**Problem to solve**: Look below for the line that contains "۱۲۸ متری/دوخواب/همراهشهر/اردستانی", then quote it and all the lines after it, exactly, with the pictures left out.

**Supplied material**:
▬▬▬
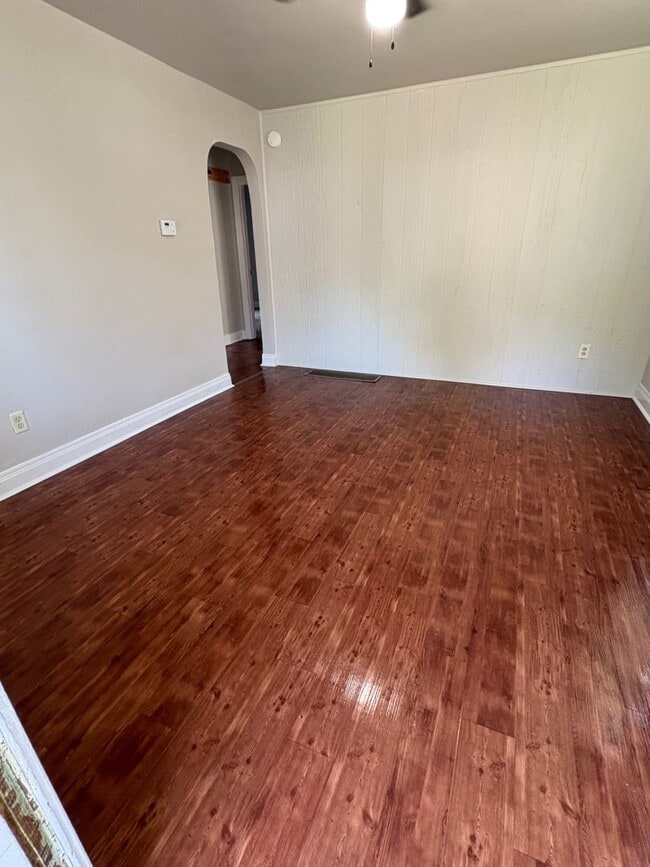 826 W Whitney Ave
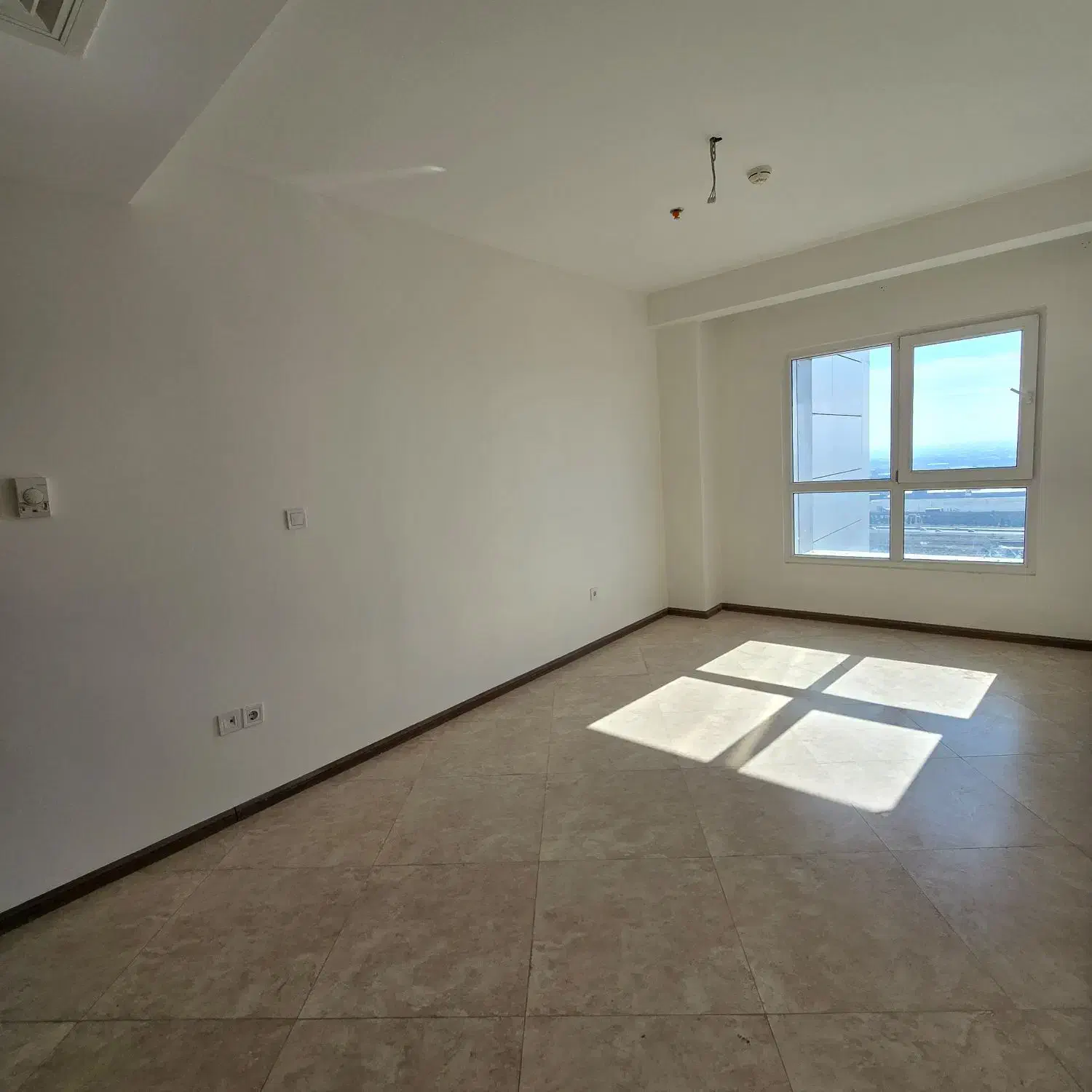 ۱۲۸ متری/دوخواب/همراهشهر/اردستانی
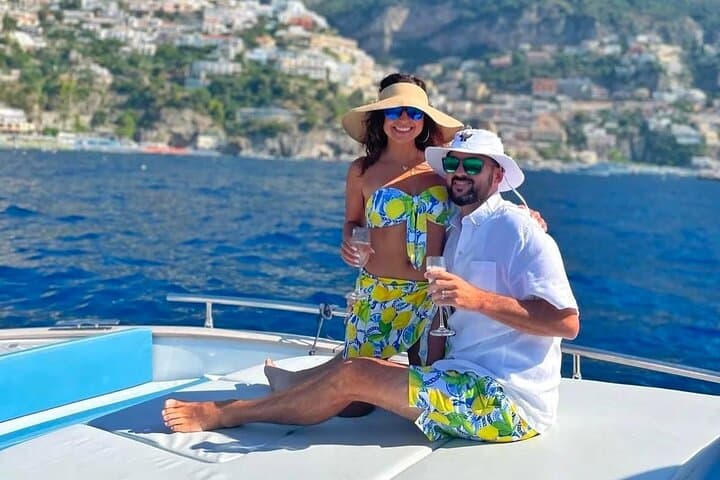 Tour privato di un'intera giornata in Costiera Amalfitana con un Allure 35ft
▬▬▬
**Your response**:
 ۱۲۸ متری/دوخواب/همراهشهر/اردستانی
 Tour privato di un'intera giornata in Costiera Amalfitana con un Allure 35ft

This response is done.